Robert jumped from the ladder and rushed at him. Jester was too caught up in the pain of his cramp to offer any resistance. He watched helplessly as Robert bent down, grabbed his foot, and started to extend it up, pushing the toes towards the ceiling.
‘Lie still,’ said Robert. He pulled Jester’s hat off, wrapped it under the arch of the wayward foot. Then he gave the two ends of the improvised sling to Jester. ‘Keep pulling on these, it will stretch the cords at the back of your leg. Right now they are tight as lute strings.’
Jester was too busy with the pain to reply, it was all he could do to breath. He squeezed his eyes shut as the last of the cramp began to ease a little.
‘Thank you,’ he whispered at last. When he opened his eyes, the room was empty. ‘I was not made for battle,’ he sighed.
After a few moments, he let go of his hat and tested his leg. It felt better, as if the cramp had been a shard of ice that had all but melted away. He made a solemn promise not to fold himself into any more small spaces, and walked over to the ladder. It was propped up beneath one of the smaller tapestries, a depiction of the Scholar King. The king himself stood at the centre. He was smiling, arms stretched out in wonder at all the knowledge surrounding him. This king was famed for dedicating his life to learning, and here, that accumulated knowledge was depicted as large blocks of stone on an archway under which he was standing. Each stone block was carved with a symbol of learning. A leech for medicine, a sword for warcraft, a boat for travel and a sheaf of wheat for farming. At the top of the archway was a large capstone baring the symbol of a dragon. At the base of the tapestry one line of text had been stitched in brown and green.
All my books are here to see. One alone, it dies with me.
Jester stared at the tapestry. He had seen it more times that he could count. The meaning was clear. The book Robert was looking for had been burnt, cremated at the funeral of its author.

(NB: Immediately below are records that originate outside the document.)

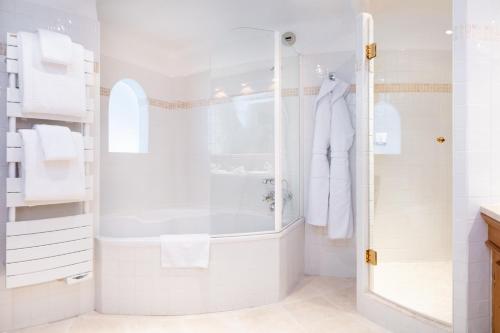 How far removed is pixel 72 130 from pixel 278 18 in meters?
2.07

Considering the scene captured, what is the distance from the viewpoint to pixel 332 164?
303 centimetres

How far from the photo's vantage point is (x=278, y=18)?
10.5ft

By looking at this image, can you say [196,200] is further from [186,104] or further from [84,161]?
[84,161]

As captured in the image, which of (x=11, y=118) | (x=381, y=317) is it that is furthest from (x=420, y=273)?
(x=11, y=118)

‘So what did you see?’ he whispered. ‘What made you climb up there and yelp with such delight?’ He took hold of the ladder and was taking the first step when Jane came racing through the door.
‘Was he here?’
‘Yes, he was studying this tapestry.’ Jester took another step up the ladder. ‘Then he saw something that sent him racing off like a boy on a treasure hunt. Ow!’ The cramp in his his gripped him again and he stepped down. ‘You go up. My leg is holding me hostage, today.’
‘Today and every day. Before long it will be your voice cramping up. You must come and train with Gunther and myself.’
‘To be a knight!?
‘To be alive, Jester. To be a healthy balladeer, not a wheezing donkey.’ She took him by his elbows and steered him to a chair by the central table. ‘Sit here, I’ll take a look.’
Jane climbed the ladder and scanned the tapestry. What had Robert seen? Then she spotted it too. The end of one thread of yarn had pulled free and was hanging in a little curve. The curl of thread wa, no longer than the tip of Jane’s thumb.
‘Woah!‘ She could hardly believe it. Such a little thing, yet it changed everything. ‘Look, Jester, this loose end of thread, it makes a curl on the letter ‘d’. But it’s not a ‘d’ at all, it’s an ‘l’. The word isn’t dies. It’s lies. All my books are here to see, one alone it lies with me.’
‘That means..’ Jester stood up and tested his leg.
‘The book on dragon lore wasn’t burnt at all. It was buried with the King. It’s in his tomb! Jester, that’s where Robert is, down into the catacombs. He means to open the sarcophagus of the scholar king.